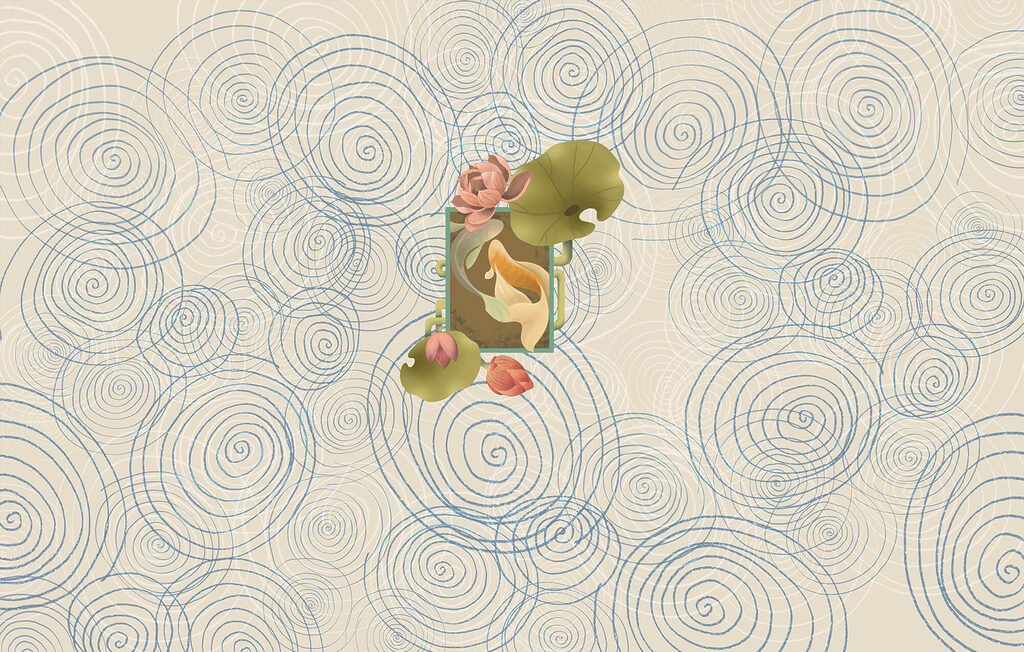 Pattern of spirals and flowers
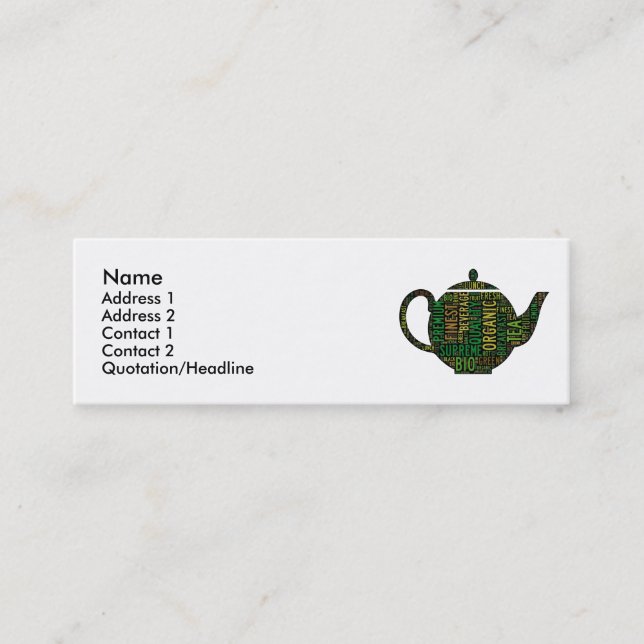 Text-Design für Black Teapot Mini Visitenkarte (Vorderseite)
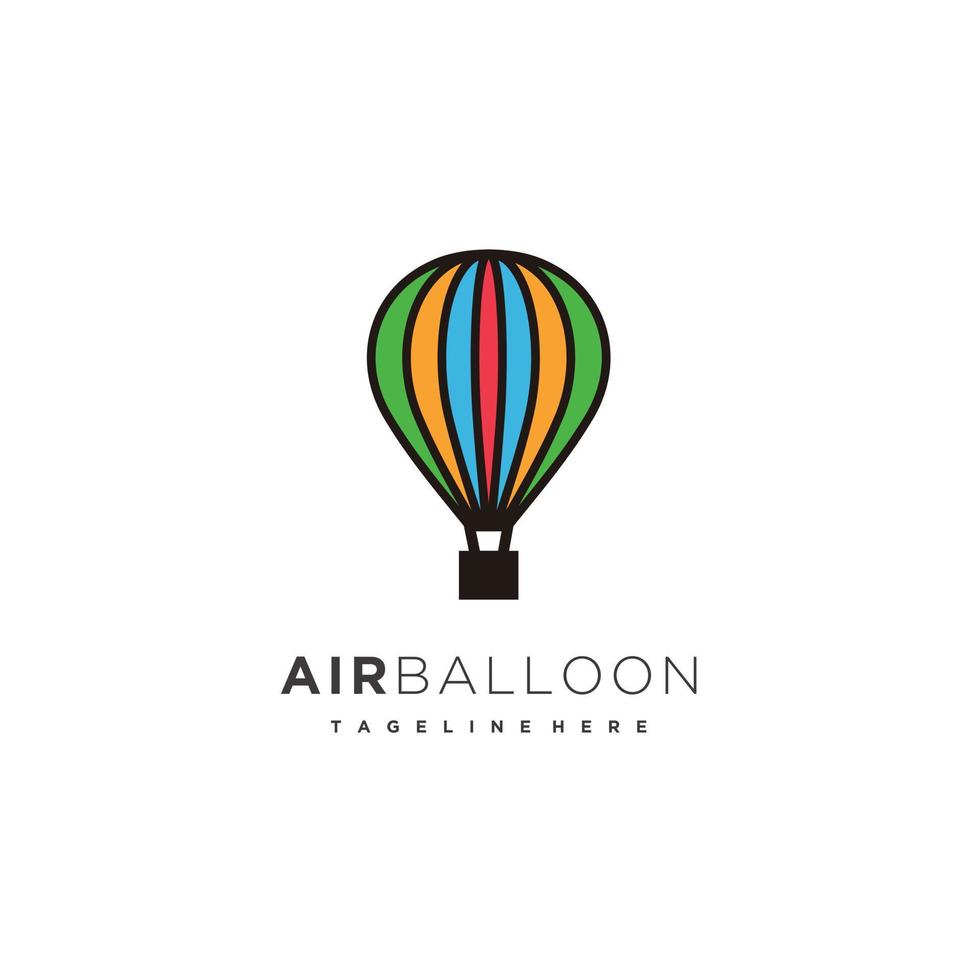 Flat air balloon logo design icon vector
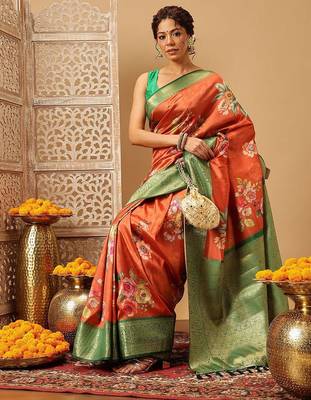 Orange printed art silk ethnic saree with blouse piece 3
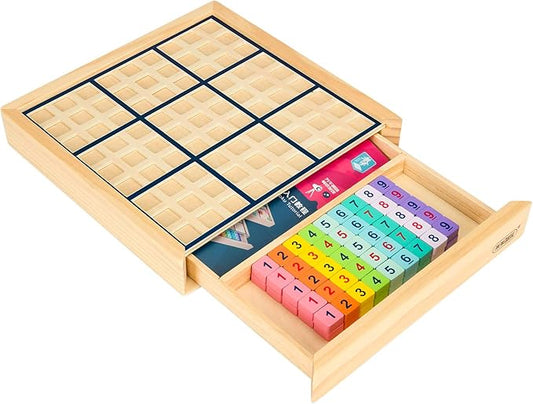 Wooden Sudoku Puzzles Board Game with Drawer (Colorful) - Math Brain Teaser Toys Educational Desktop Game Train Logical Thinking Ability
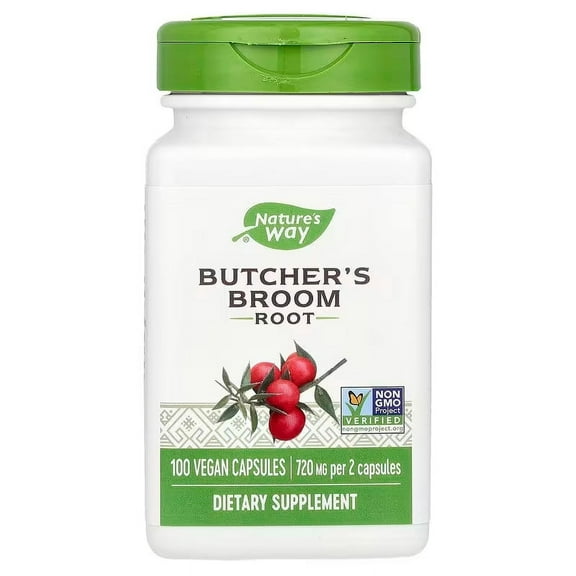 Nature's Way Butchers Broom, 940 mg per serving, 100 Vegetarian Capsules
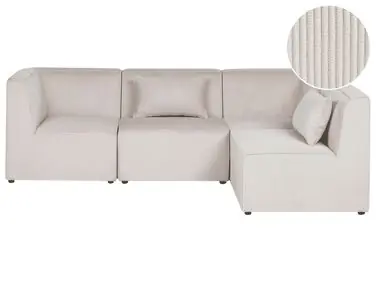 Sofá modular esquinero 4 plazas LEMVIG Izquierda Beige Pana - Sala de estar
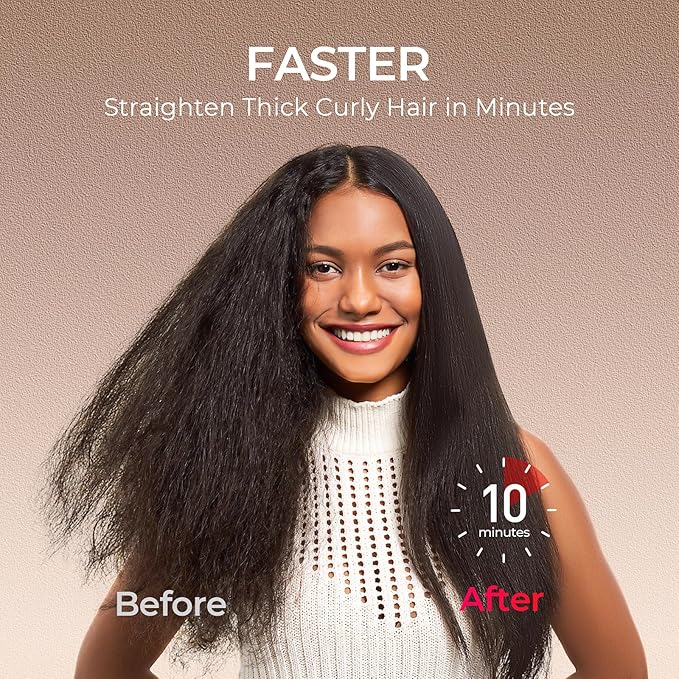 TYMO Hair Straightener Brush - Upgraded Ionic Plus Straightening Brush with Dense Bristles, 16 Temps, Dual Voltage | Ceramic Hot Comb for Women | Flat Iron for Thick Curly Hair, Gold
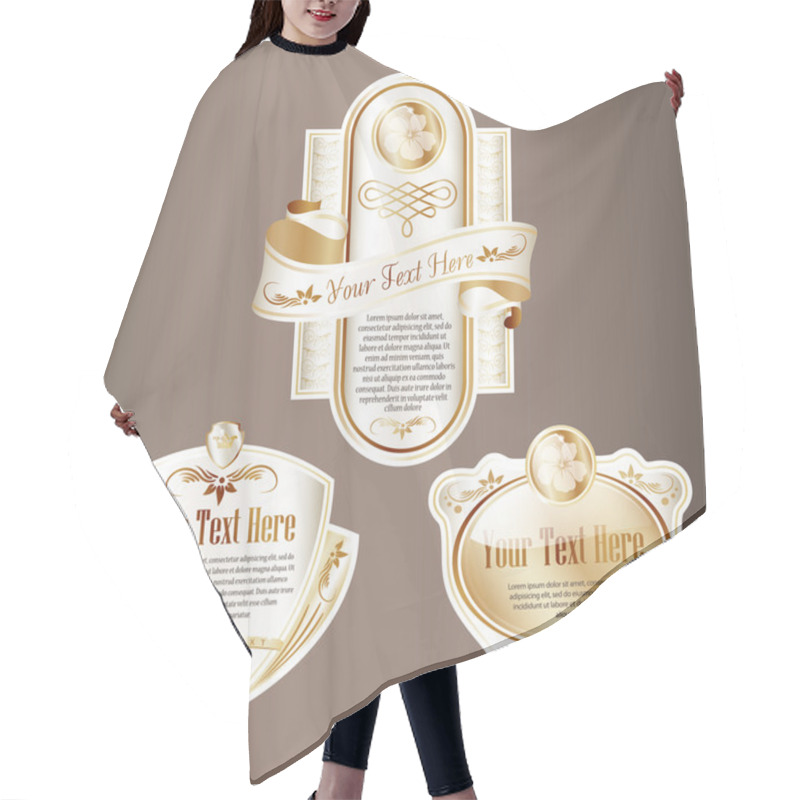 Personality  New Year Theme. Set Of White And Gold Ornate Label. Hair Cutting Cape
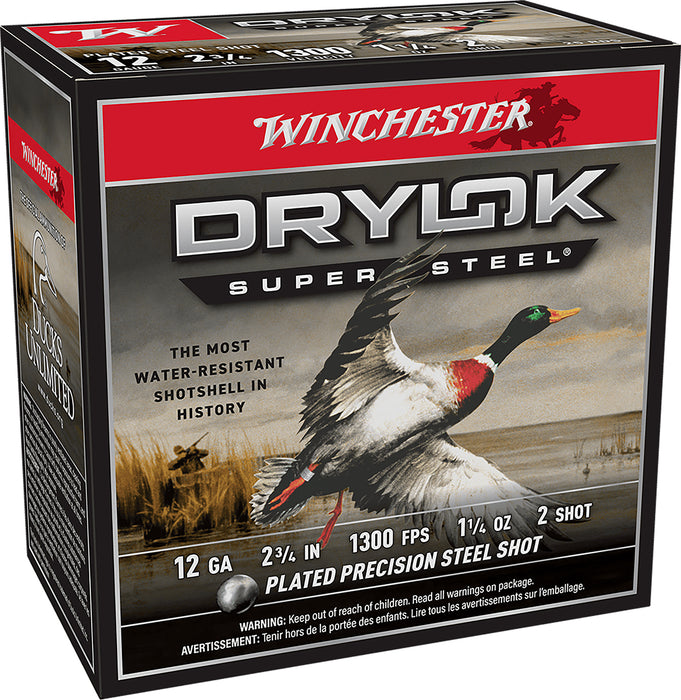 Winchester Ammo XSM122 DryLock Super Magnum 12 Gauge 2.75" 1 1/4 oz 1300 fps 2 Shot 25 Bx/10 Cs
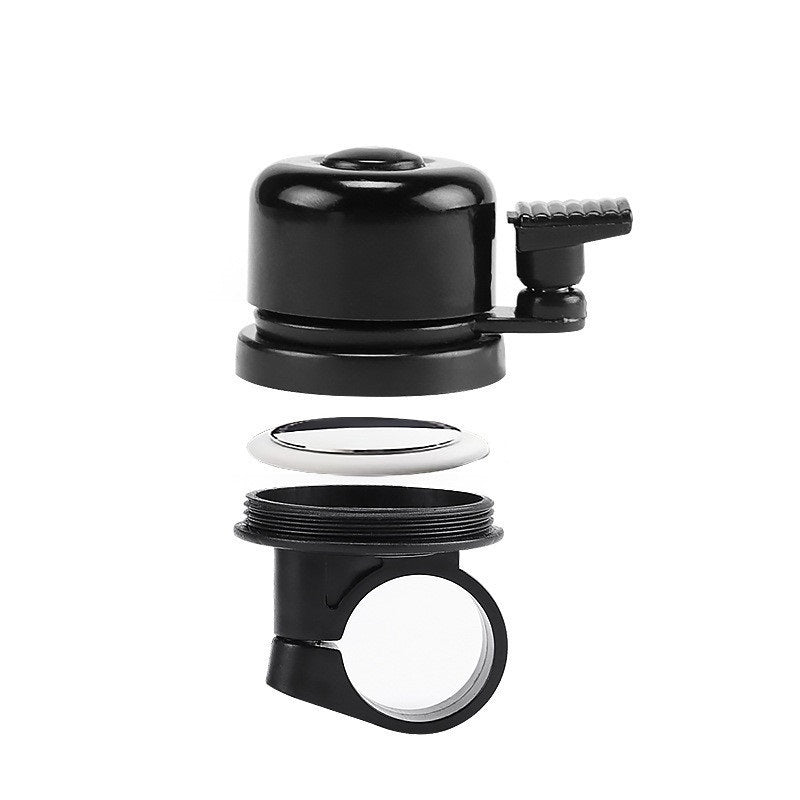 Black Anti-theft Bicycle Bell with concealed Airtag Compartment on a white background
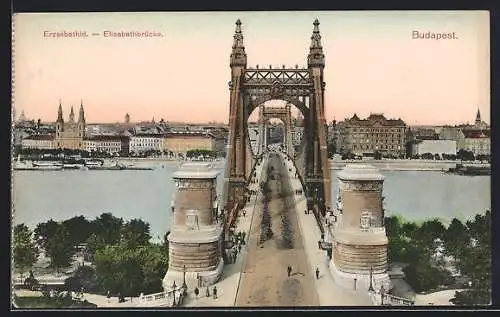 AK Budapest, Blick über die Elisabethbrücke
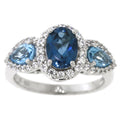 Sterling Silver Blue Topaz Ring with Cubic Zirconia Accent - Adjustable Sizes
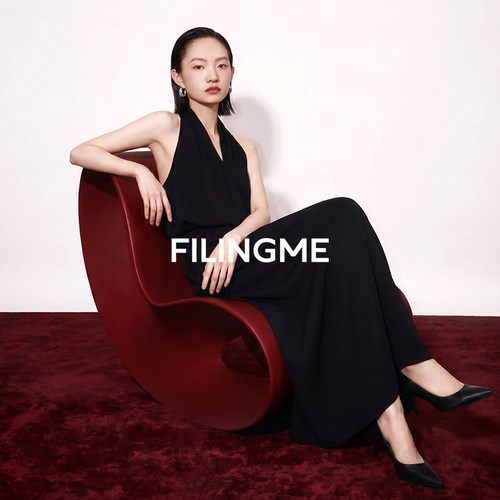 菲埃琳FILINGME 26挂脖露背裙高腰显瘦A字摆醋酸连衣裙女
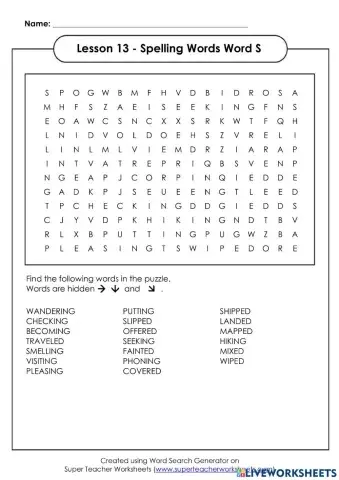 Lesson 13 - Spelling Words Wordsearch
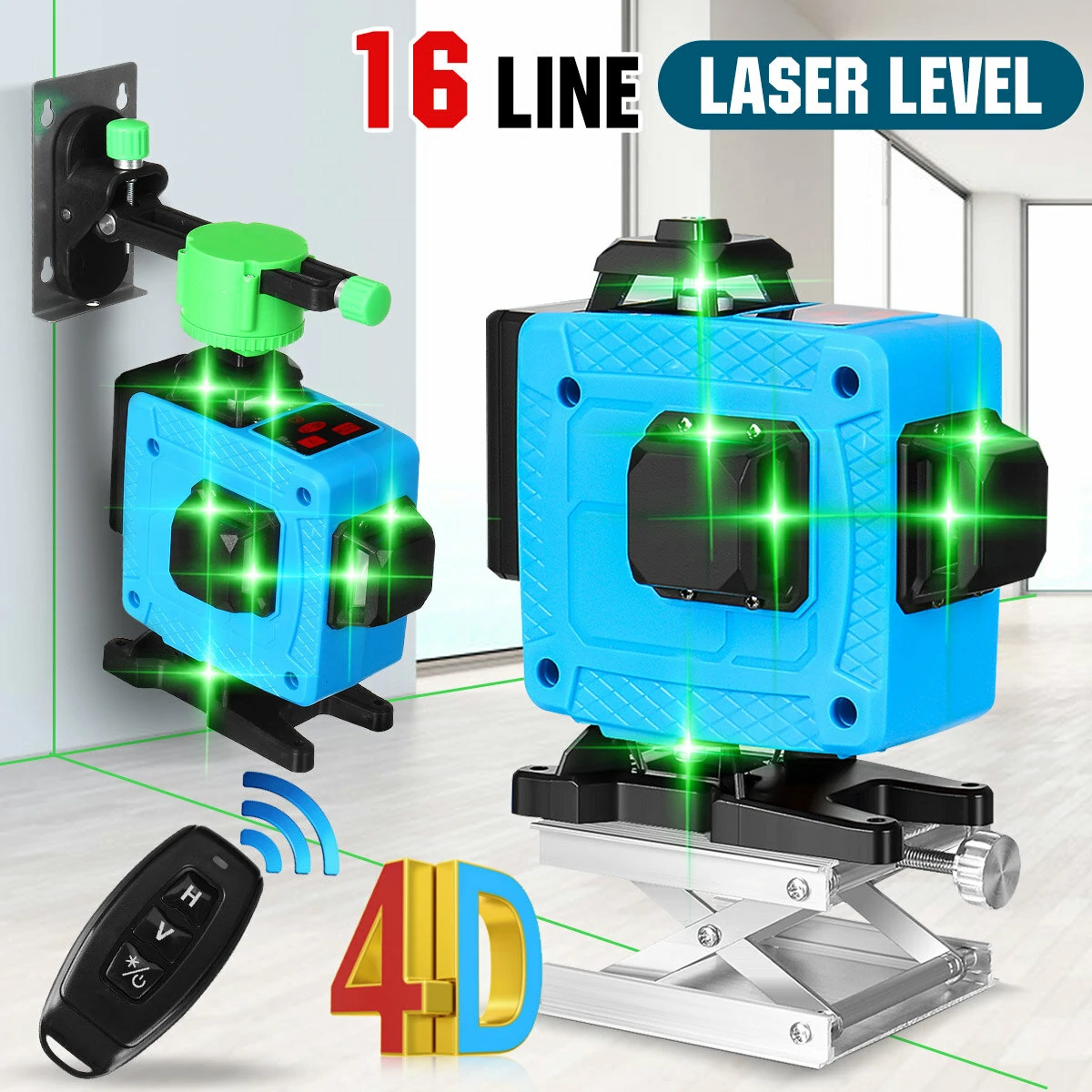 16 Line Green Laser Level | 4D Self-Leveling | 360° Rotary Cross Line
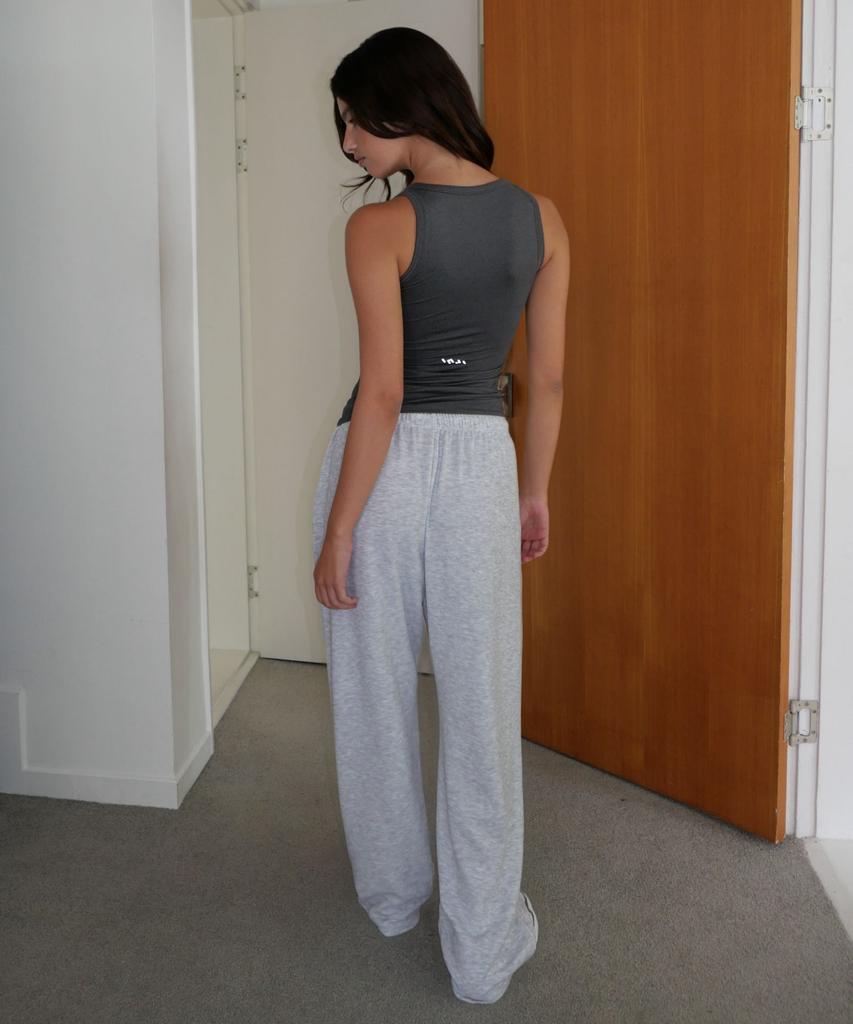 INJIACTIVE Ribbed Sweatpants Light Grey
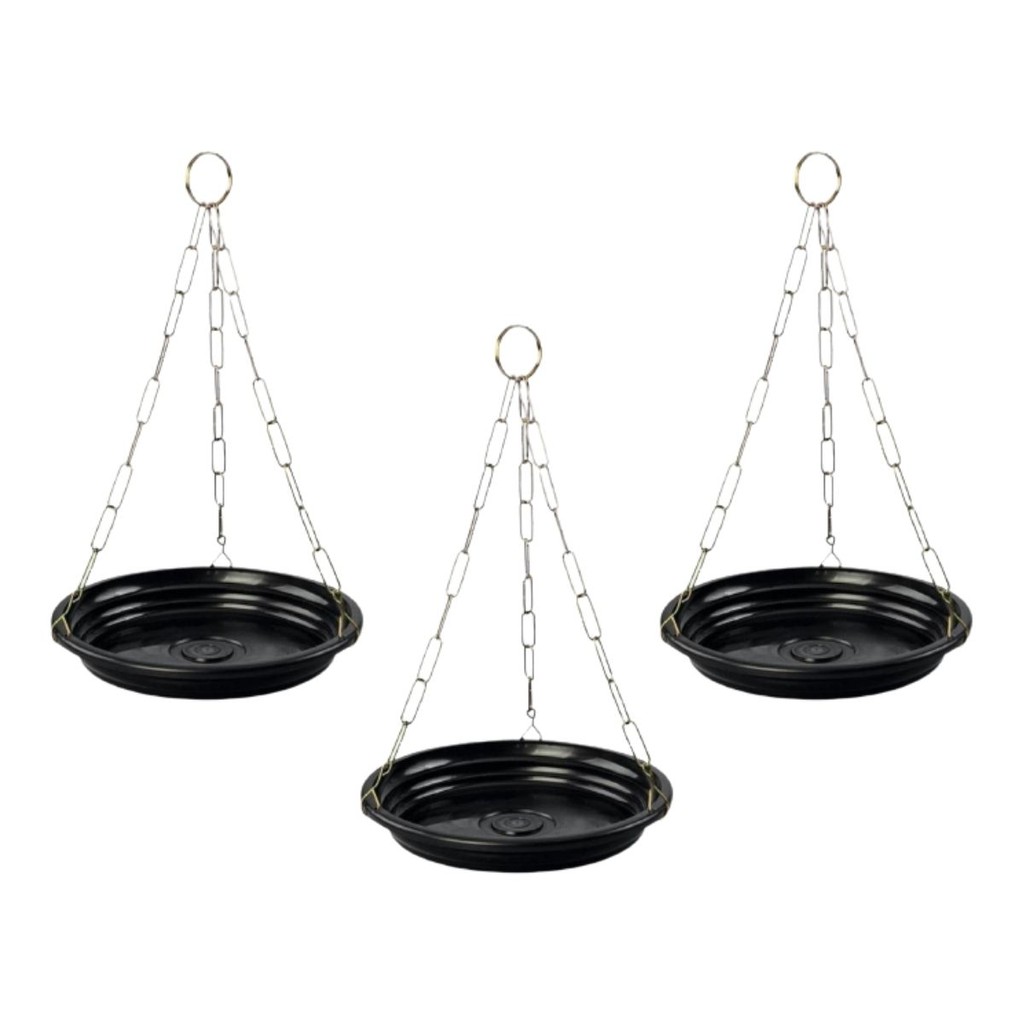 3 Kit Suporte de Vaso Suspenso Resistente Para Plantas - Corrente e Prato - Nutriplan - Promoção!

________________________________________

Please set down every line of the listing verbatim, excluding its pictures.

__Result for this task__
 Pattern of spirals and flowers
 Text-Design für Black Teapot Mini Visitenkarte (Vorderseite)
 Flat air balloon logo design icon vector
 Orange printed art silk ethnic saree with blouse piece 3
 Wooden Sudoku Puzzles Board Game with Drawer (Colorful) - Math Brain Teaser Toys Educational Desktop Game Train Logical Thinking Ability
 Nature's Way Butchers Broom, 940 mg per serving, 100 Vegetarian Capsules
 Sofá modular esquinero 4 plazas LEMVIG Izquierda Beige Pana - Sala de estar
 TYMO Hair Straightener Brush - Upgraded Ionic Plus Straightening Brush with Dense Bristles, 16 Temps, Dual Voltage | Ceramic Hot Comb for Women | Flat Iron for Thick Curly Hair, Gold
 Personality  New Year Theme. Set Of White And Gold Ornate Label. Hair Cutting Cape
 Winchester Ammo XSM122 DryLock Super Magnum 12 Gauge 2.75" 1 1/4 oz 1300 fps 2 Shot 25 Bx/10 Cs
 Black Anti-theft Bicycle Bell with concealed Airtag Compartment on a white background
 AK Budapest, Blick über die Elisabethbrücke
 Sterling Silver Blue Topaz Ring with Cubic Zirconia Accent - Adjustable Sizes
 菲埃琳FILINGME 26挂脖露背裙高腰显瘦A字摆醋酸连衣裙女
 Lesson 13 - Spelling Words Wordsearch
 16 Line Green Laser Level | 4D Self-Leveling | 360° Rotary Cross Line
 INJIACTIVE Ribbed Sweatpants Light Grey
 3 Kit Suporte de Vaso Suspenso Resistente Para Plantas - Corrente e Prato - Nutriplan - Promoção!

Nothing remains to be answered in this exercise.